From the perspective of the wholesaler, it is crucial to recognize that each of these segments receives different value from a wholesaler, and demands different types of products and services. Because if an advisor is an asset gatherer, they are going to want to see a product that can easily help them gather assets… but if they are needs-based sellers, they will want planning strategies and sales ideas… and if they are an investment manager, they will want products that they can manage to demonstrate their own expertise (without outsourcing to other active managers!)… and if an advisor is a fee-for-service financial planner, they will want solutions that help them simplify investment management to free up time to service clients and focus on planning. Thus, investment managers (which might be an RIA or a Rep-As-PM at a broker-dealer) tend to use stocks, bonds, and ETFs, but asset gatherers (which might be RIA or at a broker-dealer) are more likely to use multiple TAMPs and SMA, and fee-for-service financial planners (usually RIAs) will typically just use one TAMP for all of their assets and be uninterested in individual investment products at all!

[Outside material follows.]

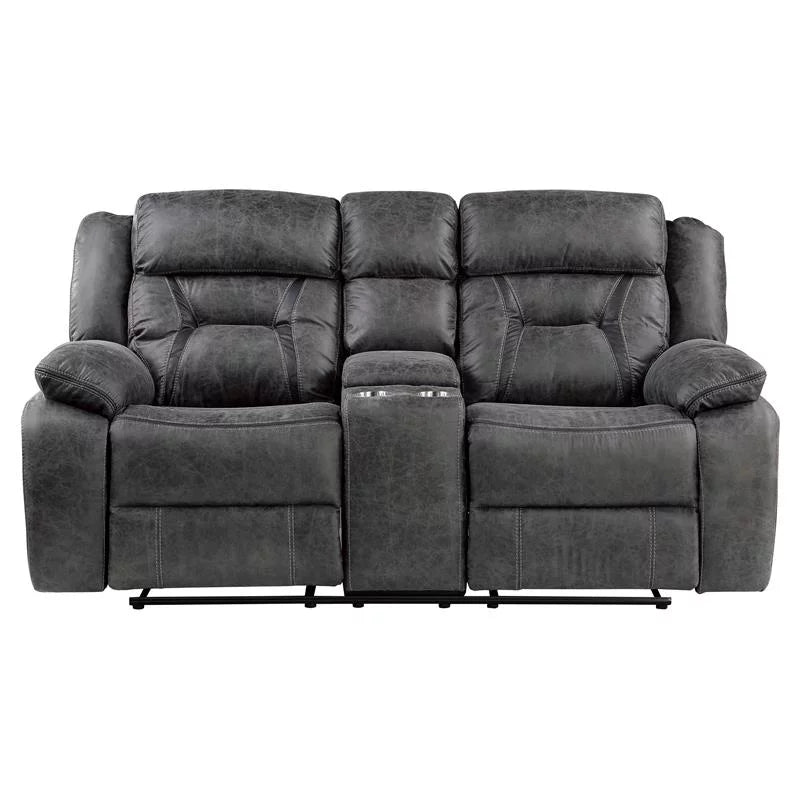Gray Microfiber Double Reclining Love Seat Y949992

The bottom line, though, is simply to recognize that the whole advisory industry is in the midst of reorienting itself, and trying to segment financial advisors by wirehouse, broker-dealer, and RIA industry channel no longer works. Advisors are reinventing their value propositions and where they focus, while DoL fiduciary further forces firms to re-draw their lines and tech innovation accelerates these trends. Which means, if wholesalers want to reach financial advisors and add value to them, wholesalers need to pay attention to the four different types of financial advisors!

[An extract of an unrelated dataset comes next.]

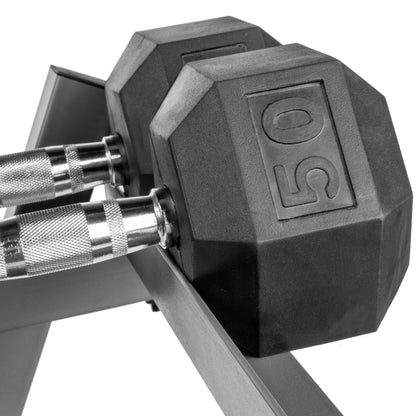 XMARK 5-50 lb Hex Dumbbell Set with Rack and Weight Bench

Tor a lot of big national asset managers, there’s a set of wholesalers for RIAs, there’s another set of wholesalers for independent broker-dealers, there’s maybe another set of wholesalers just to call on the wirehouses, and maybe there’s a separate national account or key accounts team that focuses on wholesaling to firms that centralize their investment offerings. Because, if I’m a registered rep at broker-dealer but I use the home office to design portfolios, it doesn’t really make any sense for the wholesaler to spend time with me as the rep. You’ve got to send someone from national accounts wholesaling to the home office if you want to get onto that platform.

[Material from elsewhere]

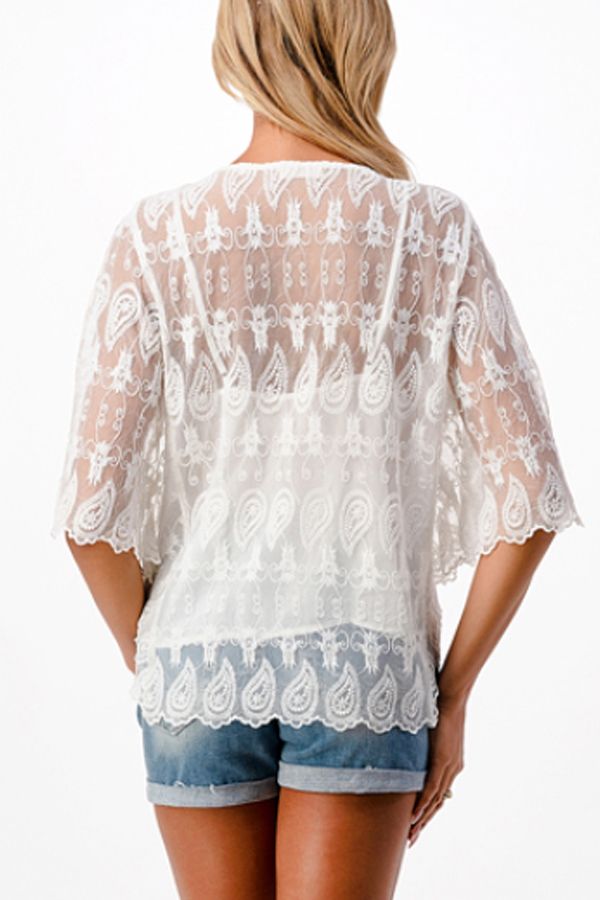 Ladies Off White Sheer Embroidered Lined Top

But beyond just the different industry channels, I think we also have fundamentally different ways that we as advisors are now framing our own value propositions in approaching client situations. And it matters because so many investment firms now, I find, with their wholesalers, they’re trying to reach us as advisors, whether it’s firms looking to serve advisors outsourcing investment manager responsibilities, other tech firms and platforms serving us, and especially financial services product manufacturers trying to distribute products through us to our clients, the ways we approach our clients and define our value proposition really impacts what we do and don’t see as valuable from wholesalers. But when the wholesalers don’t recognize that, we get all these awkward mismatches that just don’t line up anymore with traditional industry channels.
Financial Planning Oriented vs Investment Oriented & Product-Centric Vs Advice-Centric
I’ll give you an example of this. Some financial advisors have a client approach that is very investment oriented. They approach clients as, “I’m here to help you invest your money.” So, the advisor might manage it themselves or maybe they buy mutual funds or maybe they outsource it to someone else, but they focus on portfolios.
By contrast, other advisors are very financial planning oriented in the approach. They lead with financial planning. Every client starts with a financial plan. They might produce the plan themselves, they might delegate it, they may use a third party firm or home office to help create it, but they view the financial planning as the primary approach and focus, and only secondarily do they then plug in investment products because at some point, even if you’re giving advice, the money’s got to land somewhere.
Now, a second way to think about advisors, is what we get paid for. Some of us get paid for our products and some of us get paid for our advice itself. So, an advice-centric financial advisor views their primary product value proposition usually as themselves. They see it as, “It’s my knowledge. It’s my expertise. The client pays me for my personal value.” That’s an advice-centric value proposition.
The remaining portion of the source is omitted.